Leveraging road safety improvements in Georgia
This month has seen 3000 new speed cameras installed across Georgia as part of a renewed drive to improve road safety in the country.
The cameras follow the introduction of a new demerit point system in July as a measure of better enforcing speed limits. Since 2013, incidences of speeding in Georgia have increased significantly. Now, any driving infraction will result in a deduction of ‘points’ from the driver’s license. From a starting point of 100, any driver that reaches zero points in a twelve-month period will have their license revoked.
This is a major achievement for road safety policies in Georgia. The Foundation’s partner, EASST and their local partners in Georgia, the Partnership for Road Safety, were central to the advocacy campaign and consultation in the development of the system, providing expert analysis, and will be monitoring its implementation closely as members of Georgia’s Road Safety Working Group.

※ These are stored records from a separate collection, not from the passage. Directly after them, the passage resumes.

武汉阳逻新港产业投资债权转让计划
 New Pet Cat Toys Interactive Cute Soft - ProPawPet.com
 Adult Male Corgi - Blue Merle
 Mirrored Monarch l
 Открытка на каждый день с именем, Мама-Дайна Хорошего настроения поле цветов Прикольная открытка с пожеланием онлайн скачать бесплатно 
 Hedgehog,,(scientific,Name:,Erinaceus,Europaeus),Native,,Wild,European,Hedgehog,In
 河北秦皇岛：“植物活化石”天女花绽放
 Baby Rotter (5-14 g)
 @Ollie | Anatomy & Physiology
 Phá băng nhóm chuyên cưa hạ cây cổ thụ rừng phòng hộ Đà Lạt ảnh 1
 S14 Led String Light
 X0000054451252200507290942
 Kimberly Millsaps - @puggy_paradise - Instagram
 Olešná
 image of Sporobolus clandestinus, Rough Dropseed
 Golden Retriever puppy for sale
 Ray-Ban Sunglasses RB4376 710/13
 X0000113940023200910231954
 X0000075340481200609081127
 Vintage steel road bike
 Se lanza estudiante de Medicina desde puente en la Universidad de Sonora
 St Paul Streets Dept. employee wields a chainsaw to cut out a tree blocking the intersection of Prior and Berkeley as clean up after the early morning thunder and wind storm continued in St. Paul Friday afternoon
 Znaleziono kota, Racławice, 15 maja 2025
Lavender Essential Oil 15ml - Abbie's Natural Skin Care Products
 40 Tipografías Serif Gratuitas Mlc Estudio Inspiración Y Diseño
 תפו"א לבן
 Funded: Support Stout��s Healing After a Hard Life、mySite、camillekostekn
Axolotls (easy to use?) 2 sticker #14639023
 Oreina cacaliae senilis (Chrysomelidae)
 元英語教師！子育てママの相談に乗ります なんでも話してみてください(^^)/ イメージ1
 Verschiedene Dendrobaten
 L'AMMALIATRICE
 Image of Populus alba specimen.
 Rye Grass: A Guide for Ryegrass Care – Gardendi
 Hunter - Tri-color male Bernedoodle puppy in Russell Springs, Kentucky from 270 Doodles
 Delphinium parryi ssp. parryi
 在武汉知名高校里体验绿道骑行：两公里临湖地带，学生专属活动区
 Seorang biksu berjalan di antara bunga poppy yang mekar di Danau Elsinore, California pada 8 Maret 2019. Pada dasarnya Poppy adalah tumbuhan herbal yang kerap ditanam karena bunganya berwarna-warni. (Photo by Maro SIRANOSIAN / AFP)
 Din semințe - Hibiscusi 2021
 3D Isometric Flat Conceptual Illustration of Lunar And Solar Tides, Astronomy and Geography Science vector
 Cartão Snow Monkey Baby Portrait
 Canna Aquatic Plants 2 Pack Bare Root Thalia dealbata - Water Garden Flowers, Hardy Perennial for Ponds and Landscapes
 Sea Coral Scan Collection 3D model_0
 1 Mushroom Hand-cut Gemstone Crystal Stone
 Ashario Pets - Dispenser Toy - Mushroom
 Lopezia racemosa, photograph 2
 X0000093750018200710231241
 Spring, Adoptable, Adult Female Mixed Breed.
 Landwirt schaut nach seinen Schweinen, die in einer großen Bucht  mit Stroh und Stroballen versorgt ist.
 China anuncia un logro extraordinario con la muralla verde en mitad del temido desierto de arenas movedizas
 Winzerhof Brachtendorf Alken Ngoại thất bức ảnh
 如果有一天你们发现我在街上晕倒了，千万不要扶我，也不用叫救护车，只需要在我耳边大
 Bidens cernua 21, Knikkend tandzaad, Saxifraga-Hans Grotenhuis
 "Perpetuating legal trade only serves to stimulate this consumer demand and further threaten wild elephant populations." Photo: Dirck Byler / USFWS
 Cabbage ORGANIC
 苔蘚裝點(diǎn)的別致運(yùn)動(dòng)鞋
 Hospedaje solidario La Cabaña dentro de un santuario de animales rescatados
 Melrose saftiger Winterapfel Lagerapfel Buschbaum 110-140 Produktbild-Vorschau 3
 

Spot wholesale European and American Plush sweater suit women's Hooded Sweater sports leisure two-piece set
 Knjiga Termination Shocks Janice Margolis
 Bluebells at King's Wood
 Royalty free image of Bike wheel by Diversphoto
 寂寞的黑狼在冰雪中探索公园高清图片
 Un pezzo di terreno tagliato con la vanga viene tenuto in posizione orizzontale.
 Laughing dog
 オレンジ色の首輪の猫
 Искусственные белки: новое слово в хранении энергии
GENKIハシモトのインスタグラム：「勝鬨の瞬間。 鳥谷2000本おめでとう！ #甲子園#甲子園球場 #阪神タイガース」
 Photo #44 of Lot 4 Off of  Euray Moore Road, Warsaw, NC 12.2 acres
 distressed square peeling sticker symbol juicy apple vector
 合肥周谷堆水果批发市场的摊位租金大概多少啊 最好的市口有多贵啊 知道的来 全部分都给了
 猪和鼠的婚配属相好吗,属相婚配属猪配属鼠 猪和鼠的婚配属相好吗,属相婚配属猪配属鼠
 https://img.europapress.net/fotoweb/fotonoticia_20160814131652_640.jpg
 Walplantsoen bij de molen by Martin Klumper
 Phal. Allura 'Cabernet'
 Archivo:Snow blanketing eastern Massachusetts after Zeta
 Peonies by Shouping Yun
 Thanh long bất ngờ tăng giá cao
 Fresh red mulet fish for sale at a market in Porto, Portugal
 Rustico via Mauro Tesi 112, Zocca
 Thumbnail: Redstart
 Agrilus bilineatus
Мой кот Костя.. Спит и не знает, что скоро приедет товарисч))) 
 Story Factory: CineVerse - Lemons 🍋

The Working Group itself was formed in 2016 to review the road safety situation in Georgia and propose a series of road safety reforms across the country. The Working Group consists of MPs, representatives of various governmental departments, the Transport Department of Tbilisi City Hall, the Public Defender’s Office as well as civil society groups.
The role of the Partnership for Road Safety in the Working Group is crucial as a vehicle for dialogue between the public and authorities. Their road safety expertise is unparalleled in Georgia, and the Partnership for Road Safety are the government’s main consultants on road safety issues.
On the issue of speeding and enforcement, the PfRS organised several multi-stakeholder meetings bringing together government representatives, international organisations, key stakeholders and the media, as well as holding public meetings, and making media appearances in order to raise awareness, share knowledge and drive change.
PfRS have also been implementing the Safety of Street Children on Georgian Roads project which aims to develop an evidence-based strategy for protecting street children from road risk. Along with the project, the Partnership for Road Safety, with the support of EASST and the Foundation, has been working to promote road safety, sustainable urban transport, public transport, walking and cycling, through research, advocacy, educational and awareness raising projects in Georgia. Their work has been crucial in driving policy changes such as the adoption of Georgia’s seat-belt laws, and its enforcement, as well as establishing the government’s first-ever Road Safety Action Plan in 2017.
Through the Foundation’s support, EASST is working with 13 organizational partners in Eastern Europe, the Caucasus and Central Asia. The grants as well as mentorship provided by EASST to PfRS has over the years helped build organizational base and capacity to advocate safe and sustainable transport in Georgia. Speaking on the recent strides in road safety
Kvashilava, from the Partnership for Road Safety, noted “Until recently, the shortcomings in the road safety legislation impeded enforcement and had minimal impact to target the main road safety risk factors such as speeding, tailgating and crossing zebras on red lights. The establishment of the demerit point and introduction of smart cameras systems that our Foundation have been advocating for several years, has already resulted in a 10% reduction in the number of road crashes in the first nine months of 2017 compared to previous year.”